Scheme stared in silence at the image on the television screen, her heart aching with regret and a sense of things that had never been. Jonas had offered to let her be a part of the team paired with government authorities sent to arrest her father for crimes against Breed Law, multiple charges of murder against non-Breeds and charges of conspiracy to incite civil unrest.

Cassa Hawkins had been chosen to cover the arrest and been given an exclusive interview with Jonas, Tanner and Scheme on the charges.

One of Cassa’s questions to her had been about closure. Would she receive any closure with her father’s certain conviction and death sentence for the charges against him? Closure, Scheme had realized, had come with her mating with Tanner and her acceptance in Sanctuary. There was no need for closure with a man who had never truly been a father. There was only a sense of sadness, of relief. The monster had been conquered.

“I love you, Princess.” Cyrus Tallant looked tearfully into the camera after he was charged. “Always remember I loved you.”

Tanner growled in fury at the declaration. “Do you have to watch this?”

He paced the floor behind her, his hands shoved into his slacks, his expression creased into a scowl.

“It doesn’t hurt, Tanner,” she told him, not for the first time.

“I hate it when you lie to me, Scheme,” he rasped angrily. “So stop.”

Was she lying?
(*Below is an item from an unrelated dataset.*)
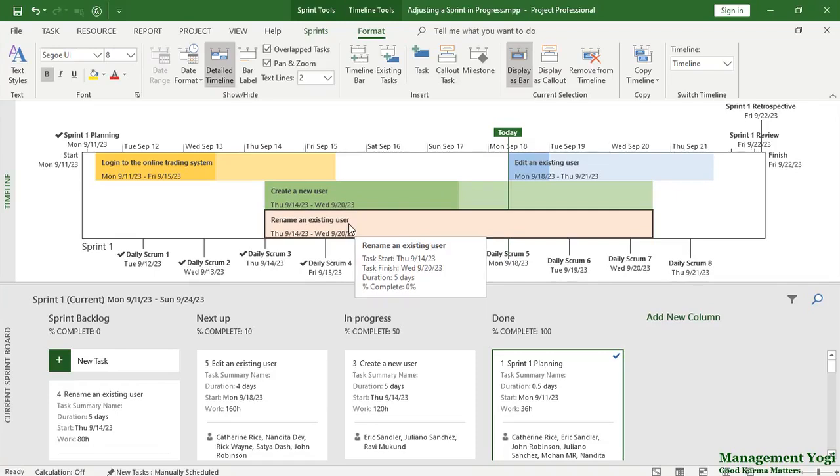This is a very useful view. You can create this view in a matter of seconds using your MS Project Agile software.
Maybe she was, not just to him but to herself.

“General Tallant, do you have a comment on the allegations by your daughter that you forced an abortion of the child she carried eight years ago?” Cassa asked the general as they stood in his opulent foyer and the officers snapped restraints on his wrists. “Doctors, both Breed as well as conventional, have verified the evidence of abortion as well as a procedure to ensure no future conception. Did you destroy your own grandchild?”

He gazed into the camera, grief-stricken, his eyes filled with tears. “I love you, Princess,” he repeated.

“Guilt,” Scheme said softly. “He thinks he can inspire guilt. He’s already working his defense. Does he know yet that his lawyers have refused to handle the case?”

“I didn’t ask him,” Tanner snarled.

“He’s breaking,” she mused. “He won’t live to see a trial.”

Tanner paused behind her chair. “What makes you think that?”

“He knows too much about the inner council.” She watched Cyrus’s shoulders slump as he was led from his mansion. Behind him, his second in command and heir apparent stood stoically in the background.

“I never guessed he was working with Jonas,” Scheme commented in regards to John Bollen. “He’s a cold bastard.”

“Yes, he is,” Tanner agreed. “He and Jonas must get along famously.”

He still hadn’t forgiven Jonas for allowing her to do the job she had set for herself eight years before.

“I make my own choices,” she reminded him, not for the first time.

“Wrong. You and I make the choices now. Remember that.”

“And if I don’t?” She glanced over her shoulder. Tanner’s tension was so thick now it wrapped around her, tingling across her flesh as she picked up the remote and flipped off the interview. Some things, her mate couldn’t handle. The regrets that filled her at times were perfect examples.

“Then I’ll spank you!”

She leaned into the corner of the chair, aware that the position loosened the front of her robe that had only been quickly tied after her shower, and bared her lotioned legs. Tanner didn’t miss the sight. His gaze sparked with lust as he moved around the chair.

Scheme didn’t give him time to pin her in her seat. She rose to her feet, gripped his shoulders as she turned and pushed him back into the chair.